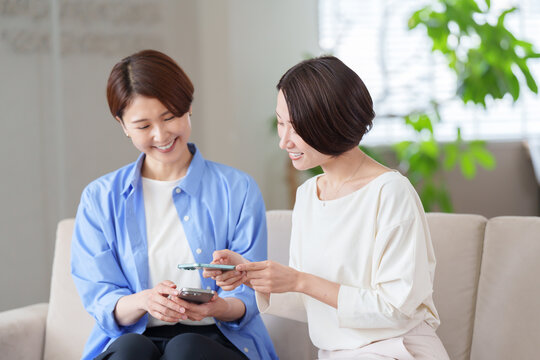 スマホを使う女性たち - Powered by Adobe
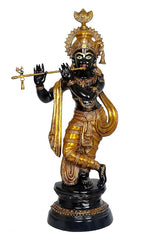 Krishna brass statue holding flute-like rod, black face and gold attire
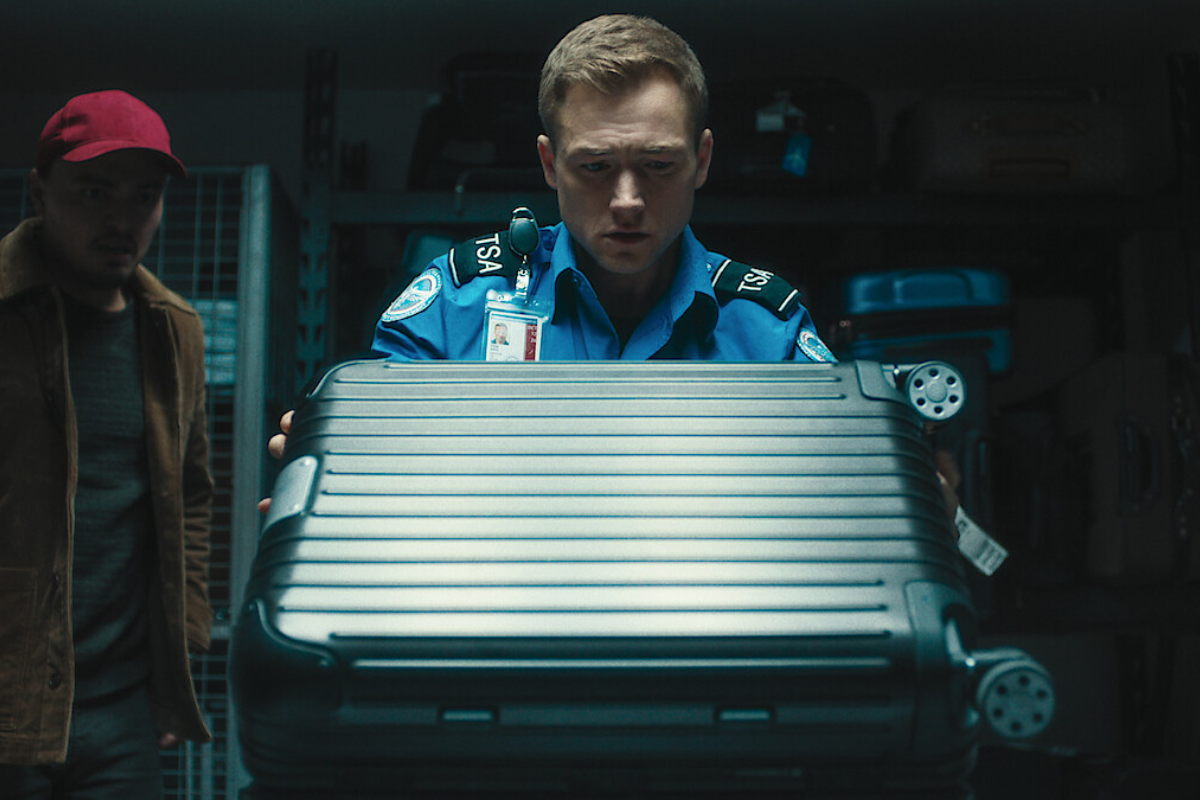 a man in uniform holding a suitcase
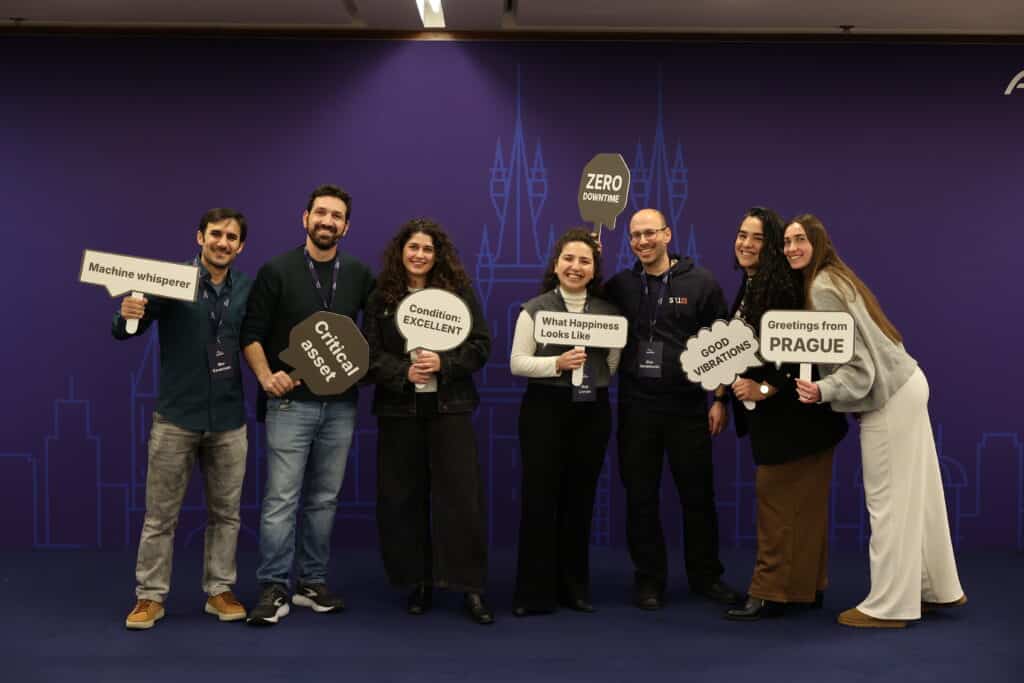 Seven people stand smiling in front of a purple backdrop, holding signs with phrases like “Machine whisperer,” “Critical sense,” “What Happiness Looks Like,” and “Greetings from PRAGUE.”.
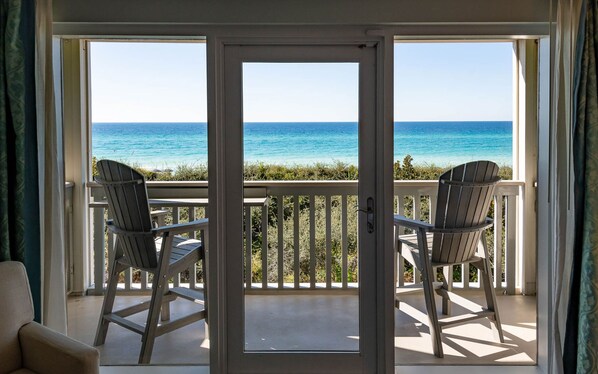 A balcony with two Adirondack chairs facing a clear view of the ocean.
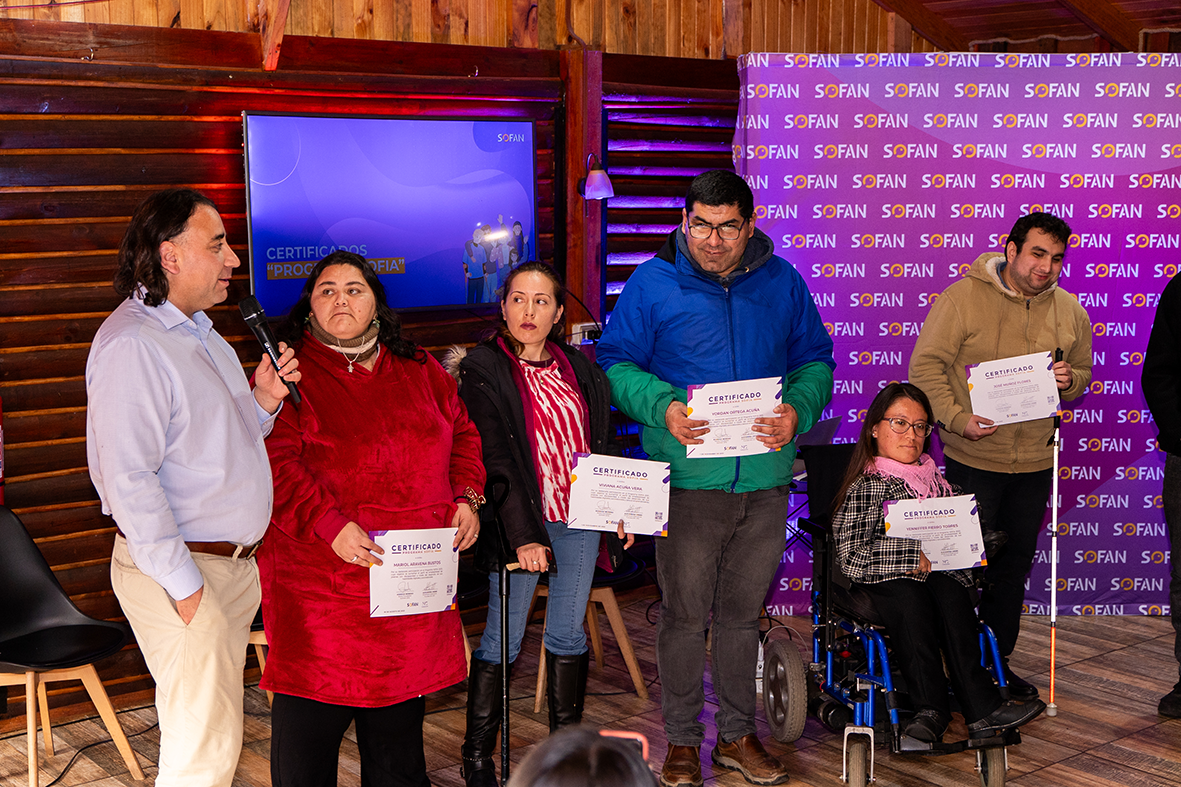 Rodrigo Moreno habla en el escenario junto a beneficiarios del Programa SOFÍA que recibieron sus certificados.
==
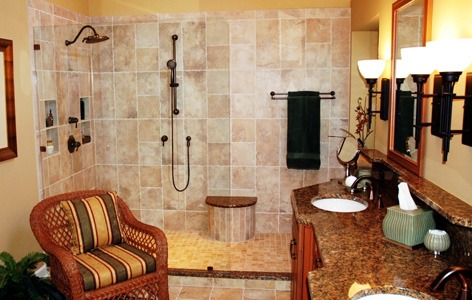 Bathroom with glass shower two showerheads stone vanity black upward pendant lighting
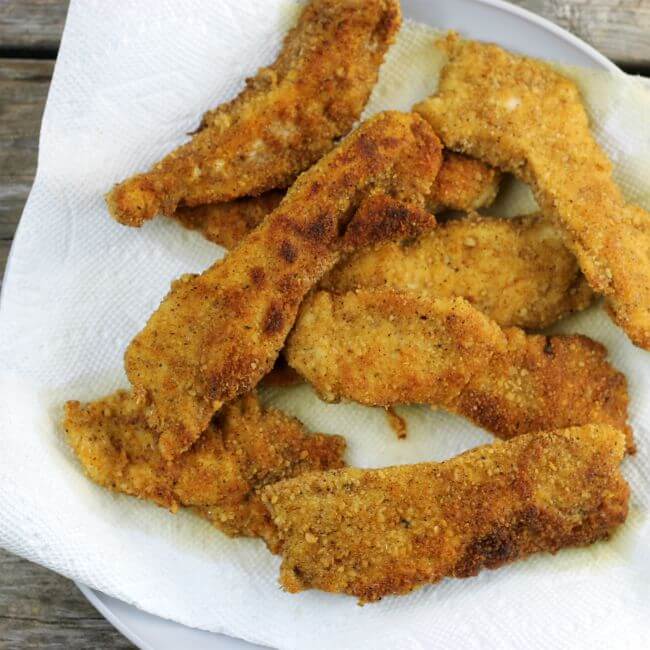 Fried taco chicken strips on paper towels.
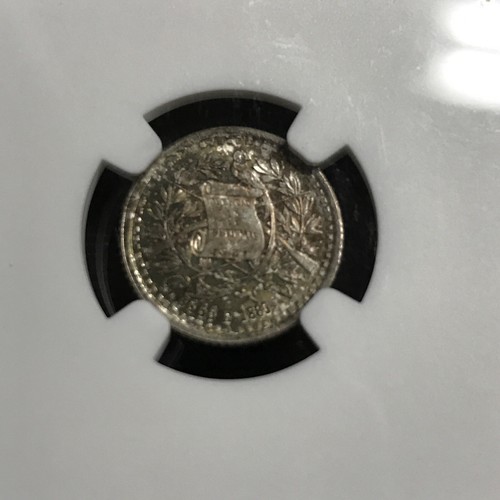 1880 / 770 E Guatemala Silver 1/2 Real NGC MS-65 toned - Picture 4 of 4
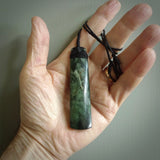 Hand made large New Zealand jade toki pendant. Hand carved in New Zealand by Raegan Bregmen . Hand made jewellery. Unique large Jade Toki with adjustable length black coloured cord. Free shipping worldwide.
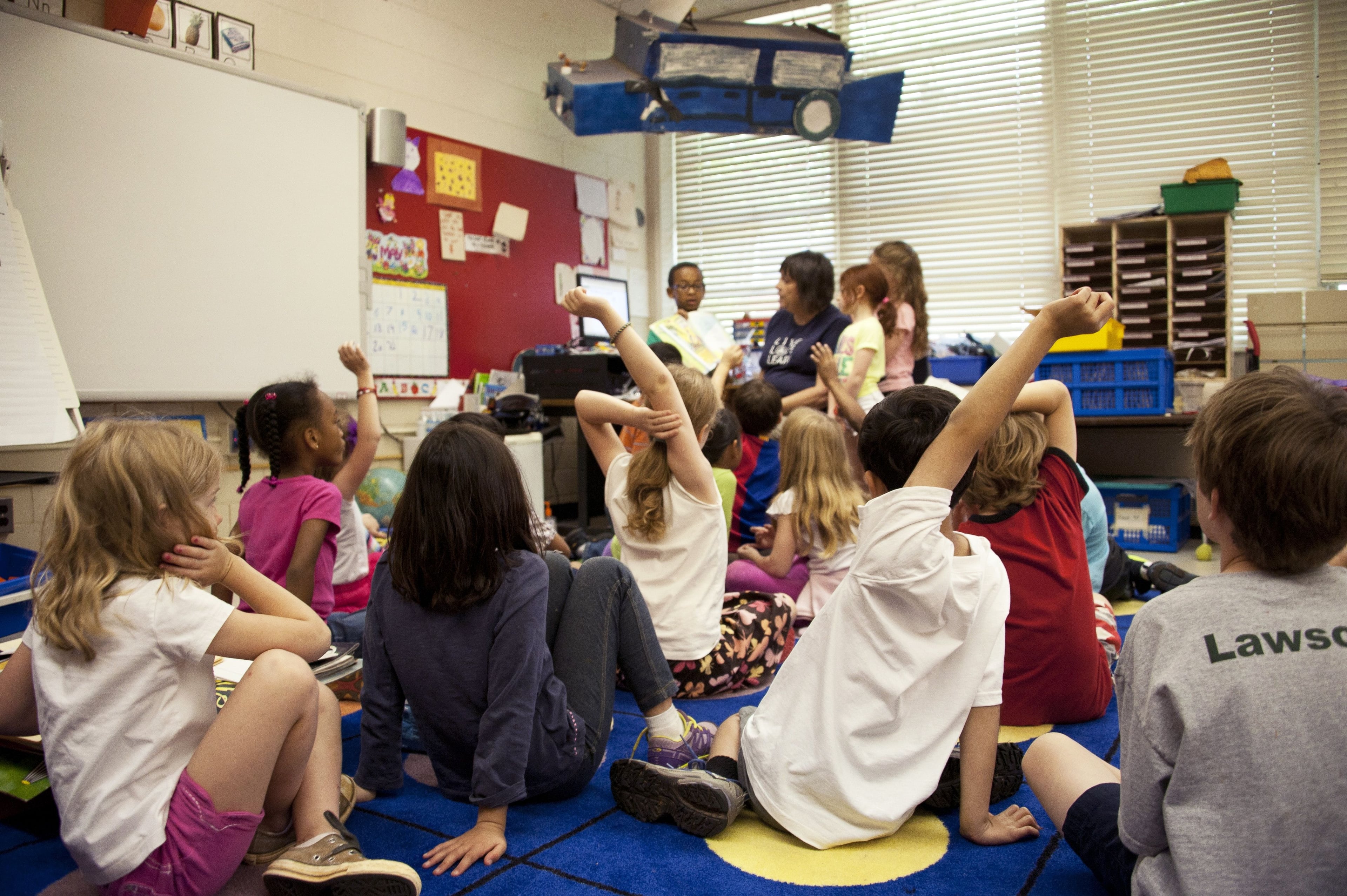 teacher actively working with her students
---
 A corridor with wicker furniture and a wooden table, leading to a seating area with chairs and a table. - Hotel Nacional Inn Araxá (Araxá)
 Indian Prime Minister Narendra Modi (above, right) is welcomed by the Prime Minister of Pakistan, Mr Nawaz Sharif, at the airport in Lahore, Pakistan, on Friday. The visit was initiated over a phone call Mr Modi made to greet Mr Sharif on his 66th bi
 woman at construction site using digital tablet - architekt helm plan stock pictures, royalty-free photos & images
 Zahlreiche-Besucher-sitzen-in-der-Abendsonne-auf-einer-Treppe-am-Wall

ASSIGNMENT → In the listing above, find the line with "スマホを使う女性たち - Powered by Adobe" and the line with "Rodrigo Moreno habla". Output both, plus every line between them, and no pictures.

RESPONSE →
 スマホを使う女性たち - Powered by Adobe
 Krishna brass statue holding flute-like rod, black face and gold attire
 a man in uniform holding a suitcase
 Seven people stand smiling in front of a purple backdrop, holding signs with phrases like “Machine whisperer,” “Critical sense,” “What Happiness Looks Like,” and “Greetings from PRAGUE.”.
 A balcony with two Adirondack chairs facing a clear view of the ocean.
 Rodrigo Moreno habla en el escenario junto a beneficiarios del Programa SOFÍA que recibieron sus certificados.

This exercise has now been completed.